02 June 2014

BRF: "The Sex Lives of Cannibals"



"The Sex Lives of Cannibals: Adrift in the Equatorial Pacific"
by
J. Maarten Troost

This book had me laughing out loud most of the way through it. That doesn't happen often for me. Beginning with the first chapter I felt an affinity with the author. He points out that upon completion of graduate school he realized that he had no real skills and no desire to get a job in the field for which he had trained. With no job offers coming in--as he had not applied for any--and with no money in his bank account he celebrates by going to Cuba with no money.

He arrives back in Washington, DC more broke and in debt than when he left, working for a temp agency, living with his girlfriend/fiancée in his mother's basement. Enter his girlfriend's job offer to help the people of Kiribati in the Pacific. They take it and he goes as her "husband" to cook and write a book that he never seems to actually write.

I grew up in the San Joaquin Valley in California and in Houston, Texas. These are places that are quite hot in the summer. In California one might wear a wool sweater in the winter when the Arctic storms sweep down from Canada. In Houston, I don't think I own a coat much less a sweater of any kind. I almost fell off the bed I was laughing so hard when Maarten insists on packing a wool sweater to take to Kiribati. It's smack dab on the equator and he's going to be living on an atoll in the middle of the Pacific Ocean. I wouldn't have bothered packing clothes at all just thinking about living in a climate that is similar to Houston's in August ALL YEAR. But he takes the sweater.
“No one who claims this to be a small world has ever flown across the Pacific.” 
via World Atlas

The flight from DC to Tarawa is accomplished via San Francisco, Honolulu, the Marshall Islands, and Nauru. Each stop they change planes and the plane gets smaller and smaller. The overnight stay in the Marshall Islands was quite possibly described in very non-objective terms. Cockroaches. Everywhere. They turned out the lights and one crawled up the author's back. I sympathized and knew exactly what he was talking about.

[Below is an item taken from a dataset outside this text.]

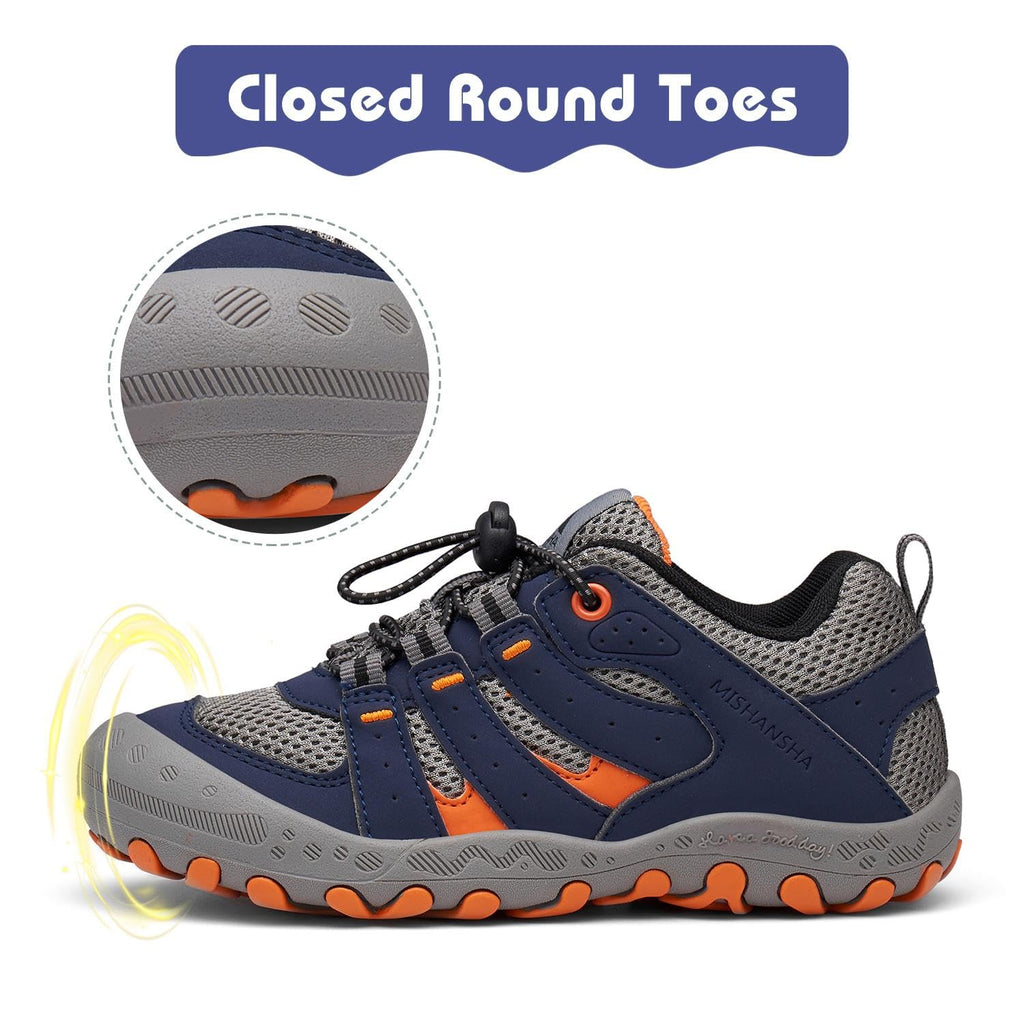 Mishansha Boy's Girl's Hiking Shoes Low Top Sneakers Outdoor Trekking Walking Climbing Running Shoes Gray/Mesh 9-9.5 Toddler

I loathe cockroaches. They don't frighten me but, rather, put me in a murderous rage. I'm not talking about whatever roaches you have in your town but the mutant, giant tree-roaches that are everywhere in the Southeast Texas region. If you've ever stepped on one in the middle of the night while getting up to go to the bathroom or had one fly in your face while you're flicking on the light at 3AM to get a glass of water you know of what I speak. The worst is waking up throwing something across a room because one was crawling across your closed, sleeping eyes. (That requires taking a shower after the killing.)

via YouTube
This was one of the funniest parts to me and I had to quote it in this review. He's relating one of the stories from the book "Kiribati--Aspects of History" about the first European encounters with the natives of Kiribati (Gilbert Islands.)
"Curiosity finally overcame the Gilbertese. They came out of their hiding places to investigate more closely these new beings and the strange things which they had brought with them. As the story goes, they were especially interested in the slippery, fragrant substance which formed white foam when wet. It is said that several people started biting bits off and soon several became sick. Thus, the first contact with the Europeans had a dramatic ending--the soap victims became the patients of these strange beings.
What this story illustrates, of course, is how really sick and tired people were of eating fish. Nothing else could explain the peculiar urge to eat a bar of soap the had just been used to wash the critter-ridden body funk of a pale and hairy sailor." (p. 114-115) 

That's just one snippet of his writing style. Each chapter tells a different story. The description of his first dip in the lagoon. Why he's no longer afraid of sharks. The diet of fish, fish, and fish. His determination to not let ANY Mormon missionary EVER think that he would be interested in what they have to say. The over-kill of La Macarena and his desire to make it stop and how he finally got his neighbors to turn it down. All of this had me cracking up. It's not the most anthropologically correct travel book nor is it an unbiased ethnography of a culture, but it was fun to read and they only mentioned the sex lives of the natives on one page which sounded mildly horrific and painful to me. He does drop the F-bomb a bit so you were warned.



(I feel seriously behind in my weekly posts. I may be the only one who noticed that I haven't written a book review or a General Conference post in several weeks. If you have noticed and wondered what the heck was wrong with the blog, my apologies. Life got in the way.)